• [ACTIVITY]
The entries below contain a stretch that opens with the line containing "Van Dijk anh 1" and closes with the line containing "動脈と静脈の血管を皮下で繋いだシャント"; set down that stretch exactly, both ends included, and nothing else.

• [SUPPLIED ENTRIES]
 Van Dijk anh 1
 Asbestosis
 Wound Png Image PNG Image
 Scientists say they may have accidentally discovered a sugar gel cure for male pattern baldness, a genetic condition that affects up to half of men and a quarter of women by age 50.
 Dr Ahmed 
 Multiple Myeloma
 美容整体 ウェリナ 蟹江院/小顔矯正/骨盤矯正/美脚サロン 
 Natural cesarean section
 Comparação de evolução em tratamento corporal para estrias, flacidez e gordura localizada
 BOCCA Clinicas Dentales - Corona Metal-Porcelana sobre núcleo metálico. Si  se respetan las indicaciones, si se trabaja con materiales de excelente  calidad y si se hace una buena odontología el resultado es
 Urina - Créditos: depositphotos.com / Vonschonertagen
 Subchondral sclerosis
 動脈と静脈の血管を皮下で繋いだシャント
...
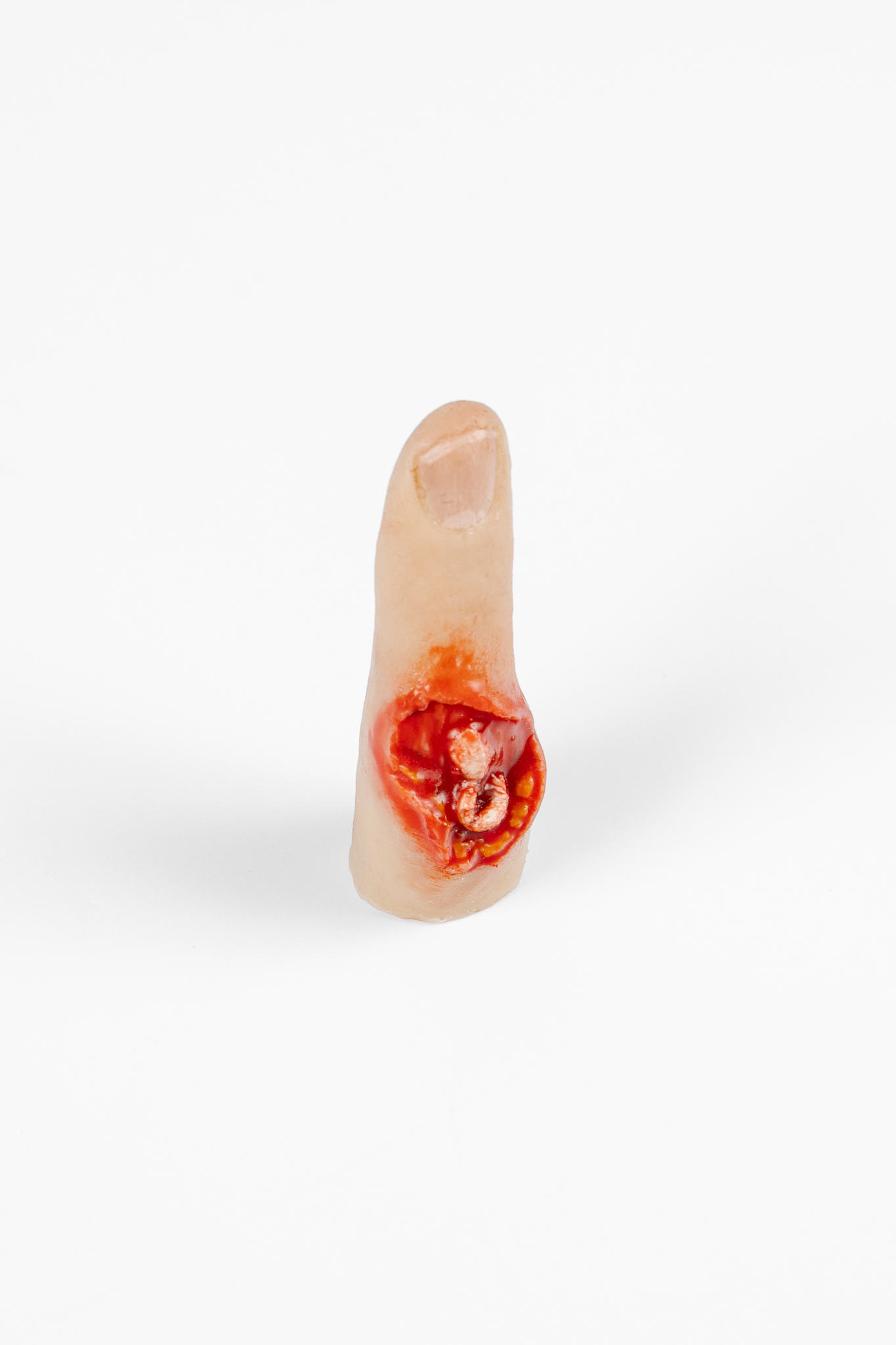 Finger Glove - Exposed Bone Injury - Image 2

• [EXERCISE RESPONSE]
 Van Dijk anh 1
 Asbestosis
 Wound Png Image PNG Image
 Scientists say they may have accidentally discovered a sugar gel cure for male pattern baldness, a genetic condition that affects up to half of men and a quarter of women by age 50.
 Dr Ahmed 
 Multiple Myeloma
 美容整体 ウェリナ 蟹江院/小顔矯正/骨盤矯正/美脚サロン 
 Natural cesarean section
 Comparação de evolução em tratamento corporal para estrias, flacidez e gordura localizada
 BOCCA Clinicas Dentales - Corona Metal-Porcelana sobre núcleo metálico. Si  se respetan las indicaciones, si se trabaja con materiales de excelente  calidad y si se hace una buena odontología el resultado es
 Urina - Créditos: depositphotos.com / Vonschonertagen
 Subchondral sclerosis
 動脈と静脈の血管を皮下で繋いだシャント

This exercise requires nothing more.